Lesley Hayes has built and subsequently exited three successful businesses. She now works as a mentor and has started to look academically at how entrepreneurs define leadership. Coming from an entrepreneurial background, Lesley is able to approach the study from a different angle than most academics.
The Paper Napkin she shares with us contains the result of some of her research; in it is a diagram to help us think about entrepreneurial leadership and how we lead from the inside out.
The diagram is a reflection of the work Lesley’s being doing regarding Entrepreneurial Leadership. She’s been asking questions like: Are all entrepreneurs leaders? How do we as entrepreneurs help each other develop our leadership? There’s a lot of academic research on leadership, says Lesley, but very few people have tried to get their arms around defining entrepreneurial leadership.
From her research and the work she’s done with others, Lesley believes that the thing that makes us entrepreneurial leaders is the core that we have, those core values from which we operate. People are always changing, behavior changes, but the stable core of values you have are not likely to change. You can mature, you can get stronger, you can change, but your core doesn’t often change. As is shown on the napkin, surrounding your core are different elements of approach on of thinking about leadership: Engagement, Execution, Feeling, and Thinking.
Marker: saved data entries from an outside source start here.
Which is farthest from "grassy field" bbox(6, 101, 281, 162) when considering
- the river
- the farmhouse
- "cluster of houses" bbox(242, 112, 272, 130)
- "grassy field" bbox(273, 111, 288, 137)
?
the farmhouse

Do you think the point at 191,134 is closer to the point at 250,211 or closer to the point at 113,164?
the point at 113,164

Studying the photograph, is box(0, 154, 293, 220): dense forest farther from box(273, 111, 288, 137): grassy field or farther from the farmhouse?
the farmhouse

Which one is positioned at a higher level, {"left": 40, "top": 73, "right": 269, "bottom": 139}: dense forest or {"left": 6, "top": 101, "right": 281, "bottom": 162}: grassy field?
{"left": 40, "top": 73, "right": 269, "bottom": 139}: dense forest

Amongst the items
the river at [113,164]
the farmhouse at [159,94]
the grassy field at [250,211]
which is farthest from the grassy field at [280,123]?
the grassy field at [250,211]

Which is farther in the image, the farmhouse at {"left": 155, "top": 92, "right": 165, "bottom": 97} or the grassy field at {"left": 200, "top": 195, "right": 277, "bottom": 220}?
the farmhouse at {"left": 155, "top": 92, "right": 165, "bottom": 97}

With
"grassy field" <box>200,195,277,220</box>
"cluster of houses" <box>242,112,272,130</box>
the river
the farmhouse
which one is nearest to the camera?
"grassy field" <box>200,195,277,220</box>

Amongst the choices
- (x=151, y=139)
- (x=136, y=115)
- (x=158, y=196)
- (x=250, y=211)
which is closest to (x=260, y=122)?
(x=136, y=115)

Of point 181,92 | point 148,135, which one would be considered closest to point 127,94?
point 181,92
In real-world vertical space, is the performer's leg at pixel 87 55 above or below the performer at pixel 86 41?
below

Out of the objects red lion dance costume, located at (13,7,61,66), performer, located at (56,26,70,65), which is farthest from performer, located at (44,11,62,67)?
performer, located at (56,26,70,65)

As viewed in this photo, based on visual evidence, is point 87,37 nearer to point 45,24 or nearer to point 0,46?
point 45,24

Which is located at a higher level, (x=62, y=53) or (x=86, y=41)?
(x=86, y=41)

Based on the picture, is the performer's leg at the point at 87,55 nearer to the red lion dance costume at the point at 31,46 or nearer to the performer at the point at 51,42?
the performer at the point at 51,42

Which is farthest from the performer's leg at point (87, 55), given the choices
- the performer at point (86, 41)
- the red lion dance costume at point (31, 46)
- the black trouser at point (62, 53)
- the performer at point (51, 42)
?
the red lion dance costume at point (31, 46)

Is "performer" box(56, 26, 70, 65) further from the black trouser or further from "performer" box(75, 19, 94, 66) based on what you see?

Those elements are the way through which you interact with the world around you. In order to be truly effective leaders, we have to make an effort to be balanced in each area. In making sure each of these four elements is developed, you create a balance for yourself. Balance allows you to be a more fulfilled and effective leader.
“Balance allows you to be a more fulfilled and effective leader.”
Lesley shares how she used this model in observing her own leadership style. Through observing her own leadership style, she realized that she led primarily through engagement but often failed to execute because she felt that engagement and execution were the same thing. “Engagement is not execution,” she says. She learned that relationships are important but unless people have clarity around exactly what’s required by the organization, and what their piece of it is, they can’t deliver what’s necessary. The value in the model Lesley shares with us is that it helps clarify our thinking. Lesley says she uses the model to help her see herself, clarify her thinking, and ask herself questions. Try looking at your own leadership through the lens of the model. What might you discover about yourself?